Takuma Yoneda

Normalization Layers

Consistent Motivation:

We want to avoid gradient vanishing / exploding

Initialization

Links

Xavier initialization
The goal: the variance of the activations are the same across every layer: Var(a^{[l-1]}) = Var(a^{[l]})
How to achieve this:

W_{i,j}^{[l]} = \mathcal{N}(0, \frac{1}{n^{[l-1]}})
  • l: layer index
  • n^{[l]}: width of the layer (dimension)

It works well with tanh or sigmoid activation functions.
For ReLU, we should checkout Kaiming Initialization

Intuition:
We can derive Xavier initialization by enforcing .

Norm layers

Batch Normalization

\begin{align*} \hat{\mu}[j] &= \frac{1}{B}\sum_b x[b, j] \\ \hat{\sigma}[j] &= \sqrt{\frac{1}{B-1} \sum_b (x[b, j] - \hat{\mu}[j])^2} \\ \tilde{x}[b, j] &= \frac{x[b, j] -\hat{\mu}[j]}{\hat{\sigma}[j]} \end{align*}

At test time, a fixed estimate of \mu[j] and \sigma[j] can be used.
(Typically, the BN layer keeps track of running mean of \mu[j] and \sigma[j], and use that values at inference; This is consistent with "Inference" part of Wikipedia page)
Affine transformation

x'[b, j] = \gamma[j]\tilde{x}[b, j] + \beta[j]

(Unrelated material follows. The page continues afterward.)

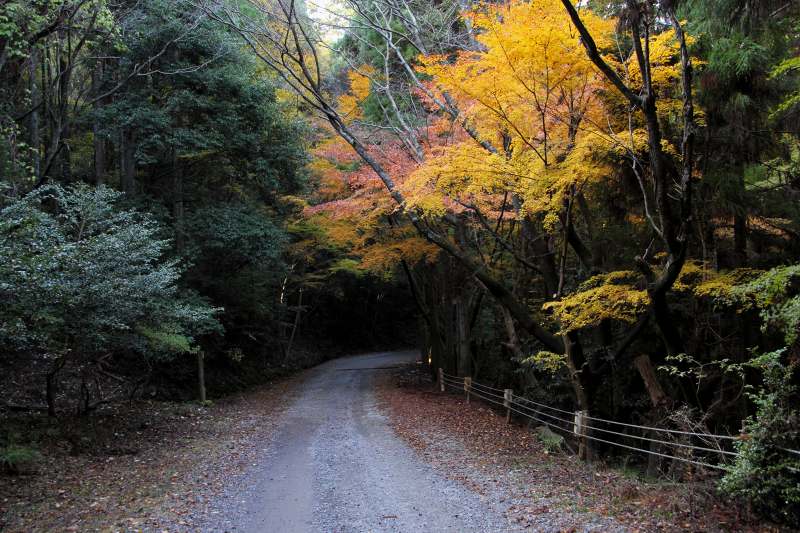 春日山_4-2.jpg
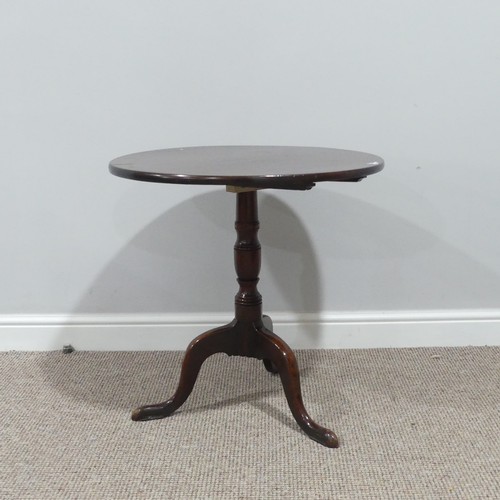 376 - A Georgian mahogany circular tripod Table, with turned column and swept feet, W 62cm x D 62cm x H 62...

It is typically used prior to a nonlinear function.

Hmmm I still don't see why changing batch size at test time completely changes the performance. For example, when I train U-Net with ResNet blocks (that include BN layers) with batchsize 256 and tested it in a stream data (batchsize = 1), the performance completely plummeted, while if I set the batchsize to the same as during training it worked almost perfectly.

Also funnily, the behavior differed depending on the heads: segmentation heads work somewhat consistently, whereas a scalar prediction head was completely broken (always predicting middle value 0.5).